(Dataset content)

=====

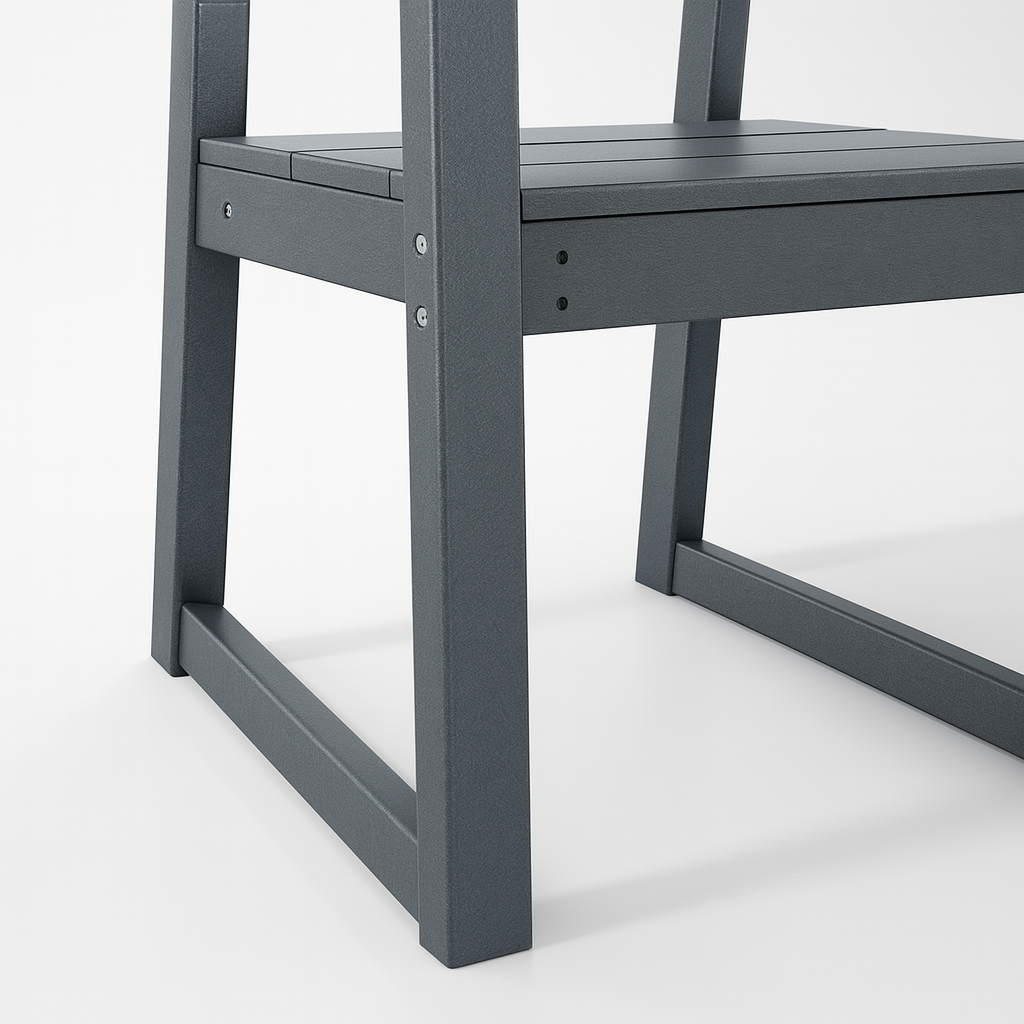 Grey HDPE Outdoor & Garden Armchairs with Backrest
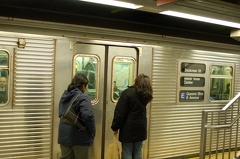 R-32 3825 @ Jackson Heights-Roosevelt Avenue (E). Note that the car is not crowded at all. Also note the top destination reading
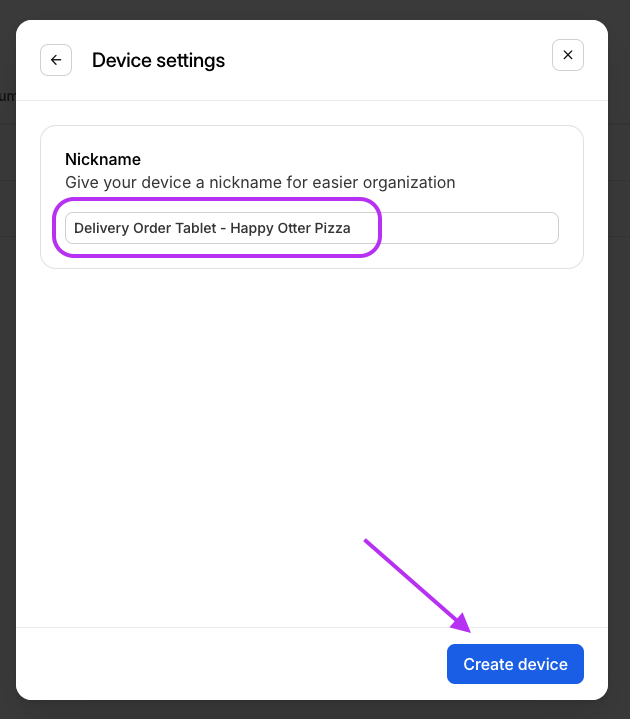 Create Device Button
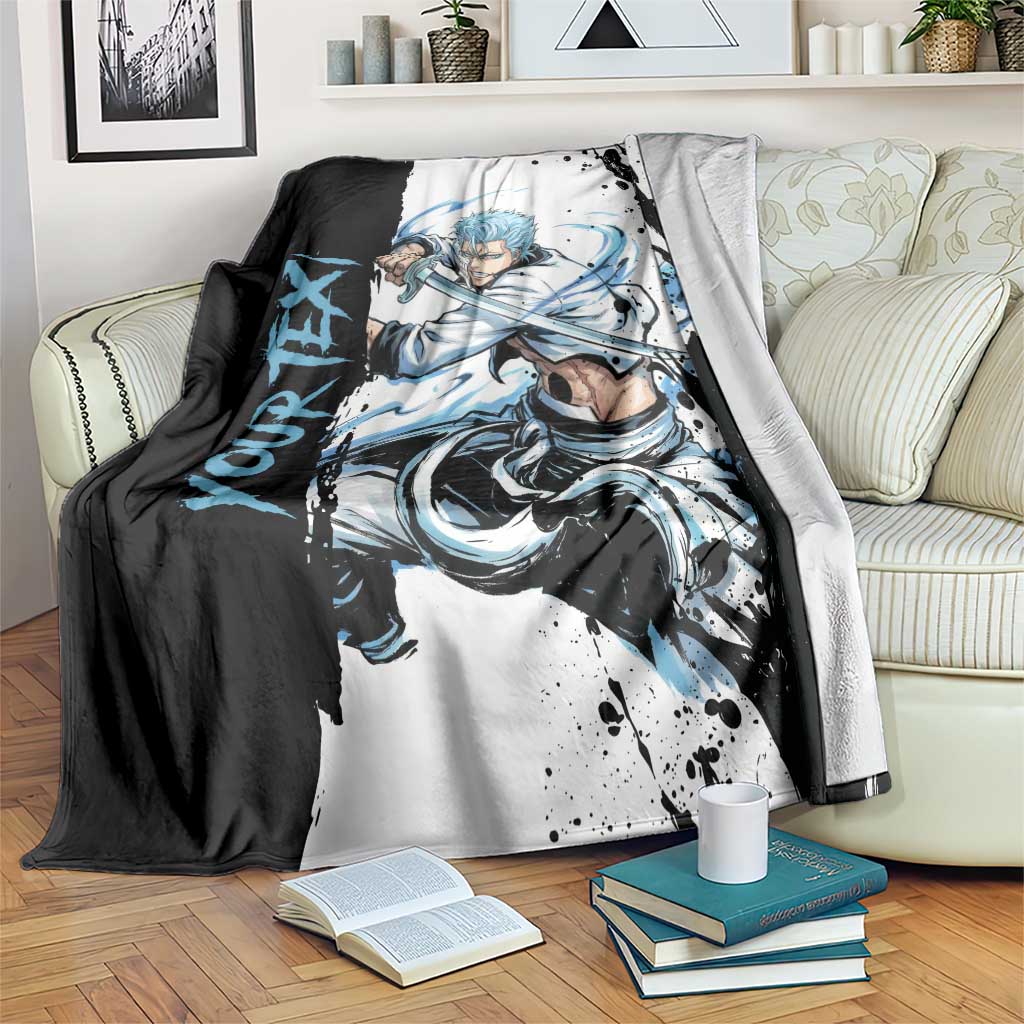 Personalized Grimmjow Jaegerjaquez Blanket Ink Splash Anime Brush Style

=====

(Task to carry out)
Every line of the material is to be quoted exactly, with no pictures carried over.

(Answer area)
 Grey HDPE Outdoor & Garden Armchairs with Backrest
 R-32 3825 @ Jackson Heights-Roosevelt Avenue (E). Note that the car is not crowded at all. Also note the top destination reading
 Create Device Button
 Personalized Grimmjow Jaegerjaquez Blanket Ink Splash Anime Brush Style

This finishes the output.